-- INFORMATION PROVIDED follows --

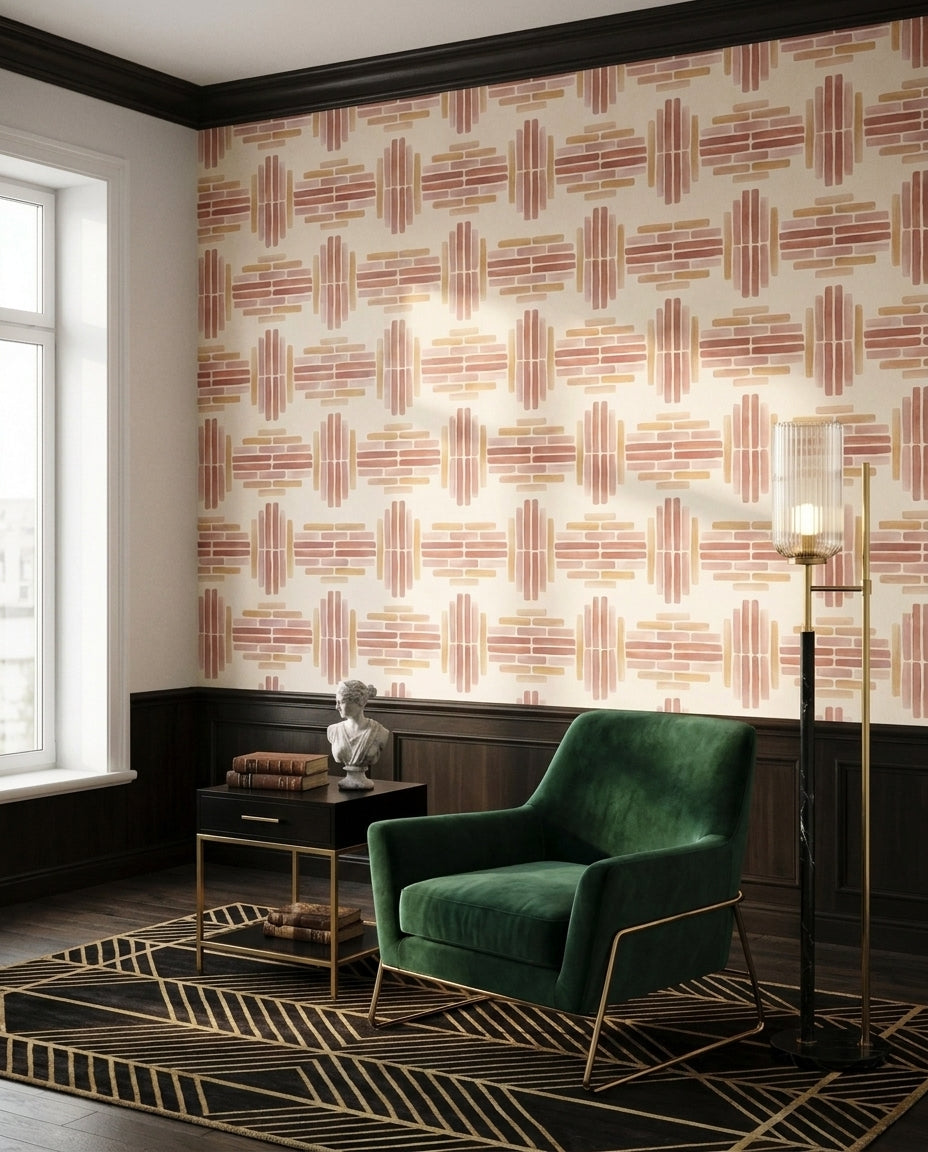 Blush Brick Brick Mural in an interior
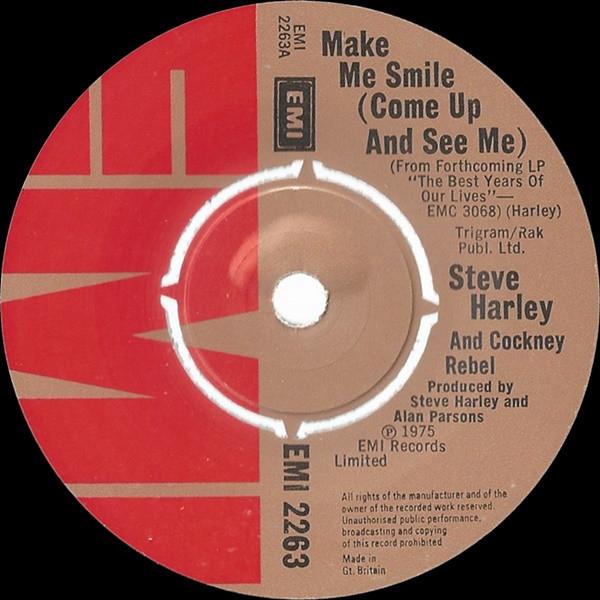 7inch Record STEVE HARLEY & COCKNEY REBEL - Make Me Smile (Come Up And See Me) EMI2263 EMI 1975 UK Rock Used
7inch Record STEVE HARLEY & COCKNEY REBEL - Make Me Smile (Come Up And See Me) EMI2263 EMI 1975 UK Rock Used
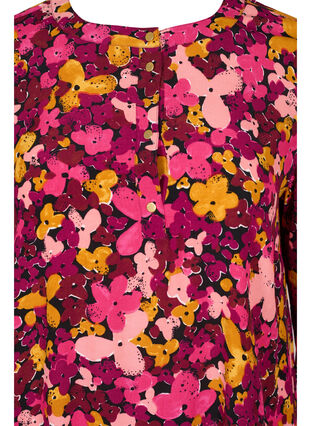 Blomstret viskose kjole med 3/4 ærmer , Hot Pink Flower, Packshot image number 2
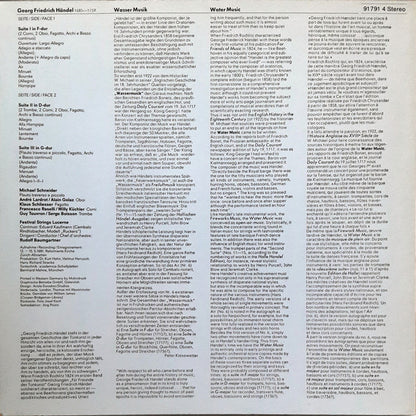 Georg Friedrich Händel, Festival Strings Lucerne, Rudolf Baumgartner : Wassermusik / Water Music - Suiten 1-3 • Complete • Intégral (LP)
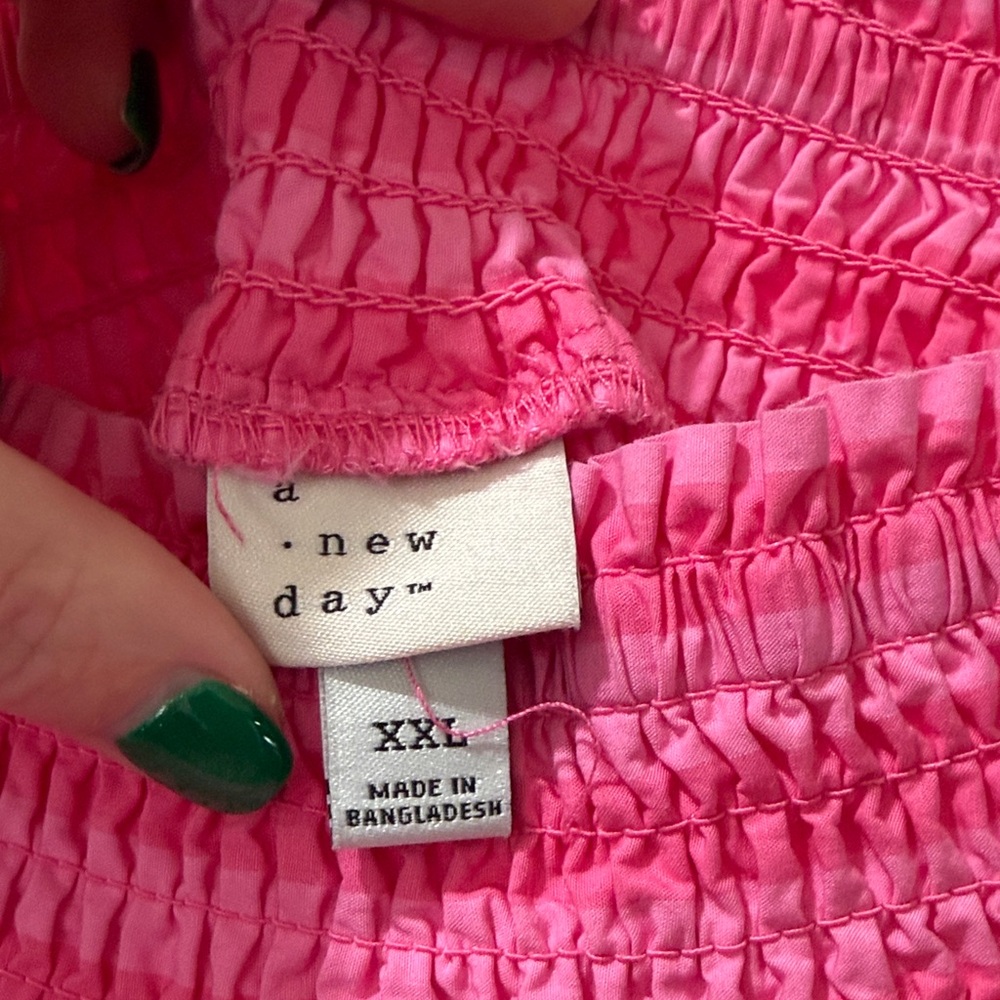 A New Day Fuchsia Smocked Shorts - Picture 2 of 4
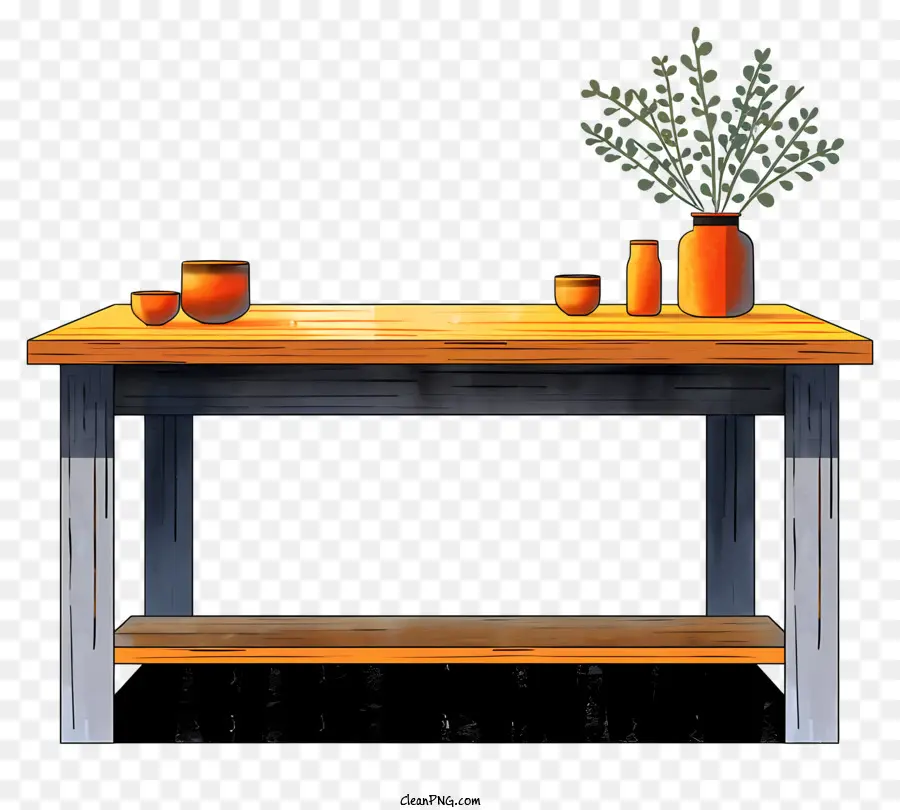 Mesa De Desenho Animado Em Aquarela，Mesa De Madeira PNG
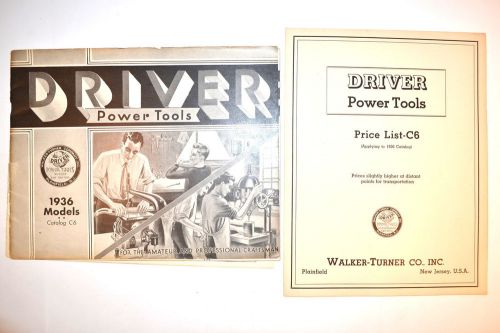 1936 walker turner driver power tools  models catalog c6 #rr240 lathe drill saw for sale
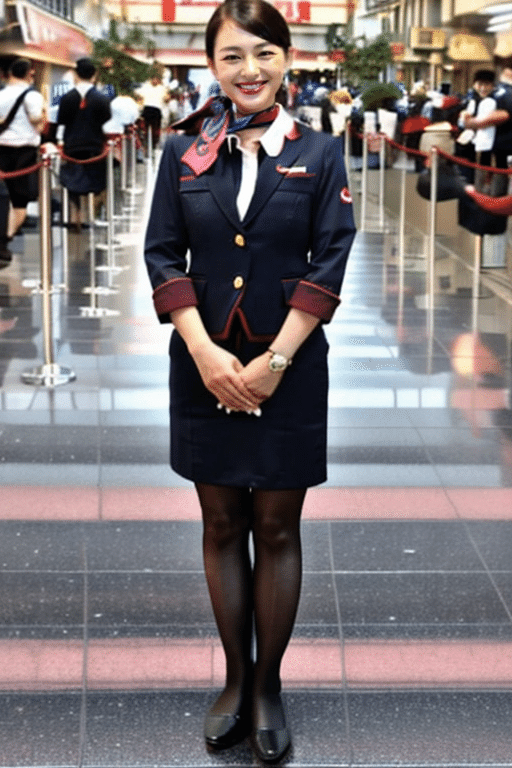 熟女制服画像熟女集合写真 空港ロビーで見つけた【40代J○L制服】AI熟女グラビア写真集(50枚)「呪文(プロンプト)付き」|AI熟女ハンター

-- INFORMATION PROVIDED concluded --

The answer should contain only the lines from the one with "Georg Friedrich Händel, Festival" through the last line of the material, given word for word and without pictures.

YOUR RESPONSE |
 Georg Friedrich Händel, Festival Strings Lucerne, Rudolf Baumgartner : Wassermusik / Water Music - Suiten 1-3 • Complete • Intégral (LP)
 A New Day Fuchsia Smocked Shorts - Picture 2 of 4
 Mesa De Desenho Animado Em Aquarela，Mesa De Madeira PNG
 1936 walker turner driver power tools  models catalog c6 #rr240 lathe drill saw for sale
 熟女制服画像熟女集合写真 空港ロビーで見つけた【40代J○L制服】AI熟女グラビア写真集(50枚)「呪文(プロンプト)付き」|AI熟女ハンター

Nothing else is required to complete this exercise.